The analysis of collective force prepares us to recognize real associations among individuals as themselves a kind of individuality—and the details of that analysis lead us to think about the source of health and freedom in those social unity-collectivities as a mix of complexity and intensity in the relations among the associates. The unmistakably hierarchical forms we’ve listed would seem to be at a disadvantage in the health-and-freedom department, as the necessity of constantly mediating relations among the members through the dominant, directing organs would seem to inevitably sap the potential from the ensemble. The utility of variety and intensity to a social organism that wishes to remain hierarchical and stable enough to serve the interests of its “head” has to be limited. The question is whether it will be more or less limited in an association that, on the one hand, desires to be anarchistic and not impose the “will of the people” arbitrarily, but, on the other, still clings to the notion that “the people” have a mediatory and regulatory relation (if only in the last instance) to the various individual persons who make up the collectivity.
We’ve past the halfway point in this part of the workshop and, in many ways, the hard part is over. Most of what remains to discuss is programmatic. Over the next two weeks, I want to sketch out the specific uses to which I am inclined to put individualism, conceived as a practice, followed by some discussion of the kinds of federative associations that might replace the legal and governmental apparatus in some full-blown “after the revolution” scenario.

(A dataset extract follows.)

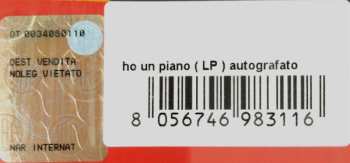LP Raphael Gualazzi: Ho Un Piano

I’ll be focused on various sorts of speculations, thought experiments and approximations of a fresh sort, which means there will be fewer reasons to propose readings, either from the tradition or from my own work. It is quite possible that there will be a week or two where there are no suggested readings beyond my two weekly posts. What I would suggest to those who want to continue reading is to supplement the pdf that I have prepared introducing E. Armand and l’en dehors with the collection of “Rambles in the Fields of Anarchist Individualism.” There are a lot of details in the “Rambles” that should help fill in some of the blanks I will inevitably leave in the weekly posts.